Holiday rituals connect us to family gone before us. Some rituals we keep, some we let go, some adapt in collaboration with a lover or mate who brings their own with them. My father kept holidays well, though I didn’t always appreciate that. With Christmas, of course, the better kept the happier the children are, and my dad could keep Christmas very, very well! Memorial Day was harder for me as a child. While friends would be camping or playing and enjoying the three day weekend, and he loaded us up and drove to a town I was unfamiliar with, spent time talking to people 5 decades my senior (oh how I wish I had that time back now!) and took flowers to his parents’ gravesites. I recognize now that like Christmas traditions, my father also kept Memorial Day… very well.
My father passed away 36 years ago. He’d be 99 this year (so if he’d survived the heart attack at 63, he’d still be gone by now). Memories don’t do “time” though. He is as alive for me this Memorial Sunday as he ever was, and I get to go visit him today. My 21 year old daughter will be with me to hear the stories, see the place, walk through old neighborhoods, clean the headstone, admire the cherry tree and with love and attention, place flowers and a flag. It took thinking I couldn’t go this year (and I’ve missed 25 due to relocating far from my home town and his resting place) for me to realize how imperative it was that I go. Through all the automotive travails we have had in the last three days I thought it impractical to make the 3 hour trip “home”. I tried to console myself with setting up a small Memorial Day alter for my parents, but the thought of this man — who voluntarily served in two wars — having an empty headstone struck my heart and I realized that…. I had to go. I had to make my love and respect for him made visible on this Memorial Day.
Through the ritual my father taught me all those uncomfortable childhood Memorial Day weekends ago, I have a cellular imperative to honor him the same way, to take my own daughter, who never knew this wonderful man, and make him real to her. My mother, whose ashes remain above ground as yet, will one day rest with him, and a more complete family reunion will take place, at least this one day a year.

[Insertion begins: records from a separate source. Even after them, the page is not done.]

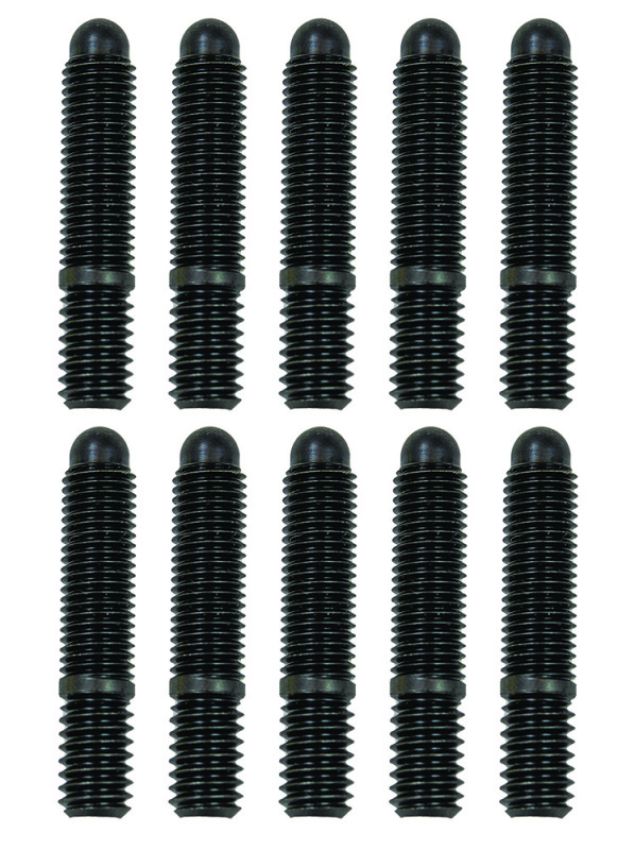 Moroso 38836 Bullet Nose Black OX Studs - 5/16-18 X 5/16-24 X 1 5/8 (10 Pack)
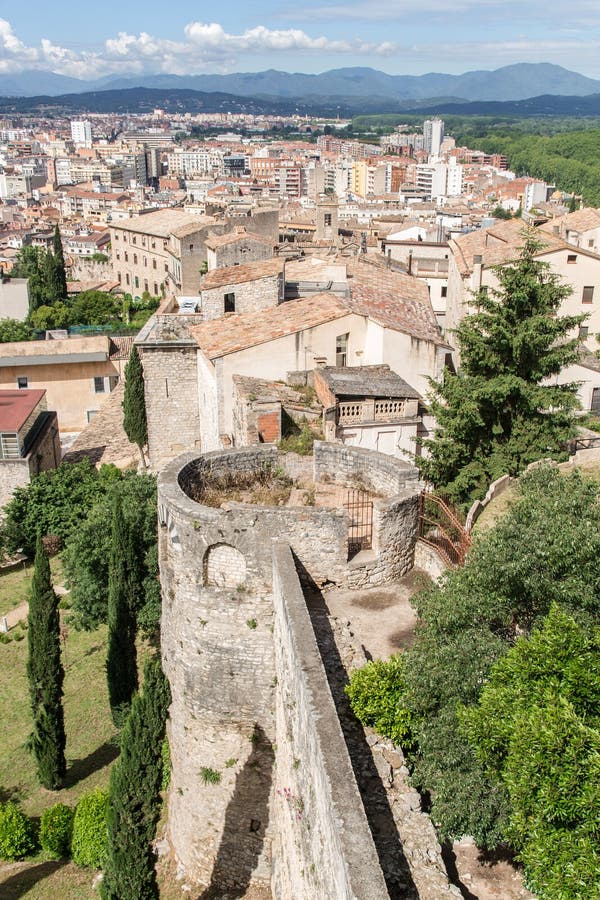 Walls of Girona stock image. Image of branches, defense - 32145053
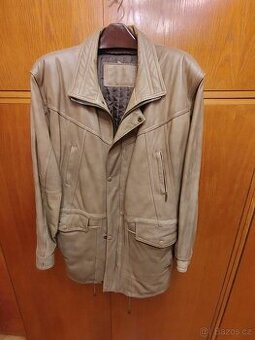 Pánská kožená bunda, béžová, prodloužená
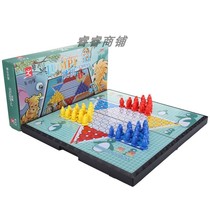 Toy pioneer E-9 king size magnetic folding checkers Penguin series childrens Chinese checkers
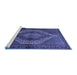 Sideview of Machine Washable Persian Blue Traditional Rug, wshtr2424blu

Hopefully, there will always be a child there to hear the stories, for it is in our rituals of remembering that we share our oral histories with our offspring. Through ritual, we teach those that come after us the values we cherish.
I never knew my grandparents, both died before I was born. I understand better the love and respect my father had for them, demonstrated by honoring them, publicly, at least this one weekend a year. They made him the man he became and through him, helped craft me into the woman that I am today and the man I see my own son becoming.
We are not disconnected from our family histories. They live in us and through us, are passed to our children whether we attend to their memories or not. Similarly, while our families are living, whether we ignore their needs, put off the phone calls, imagine that everything is “alright, or they’d call me”, we are not disconnected from them and their influence upon us.
The Post War (that would be WWII) cultural shift away from extended family and to the ‘burbs has been an interesting social experiment in fracturing the family, and it hasn’t worked out so well. When denied the comfort and company of multiple generations, aging has become isolating and demeaning, where too often Elders feel they are “less than” if they require assistance from others. By ignoring rituals and connectedness (my mother made Sunday dinner for us for years, that became “our time”), we forget to teach our own children the importance of family connection, those generational bonds that sustain us when the world shakes beneath our feet. Cooperation and collaboration support multiple generations of family so knowledge is saved and wealth is condensed. I hope that as a unique American culture, we will come again to defy the idea that we are all independent, autonomous islands, sustainable on our own. This Memorial Day, I call you to remember, and then to share.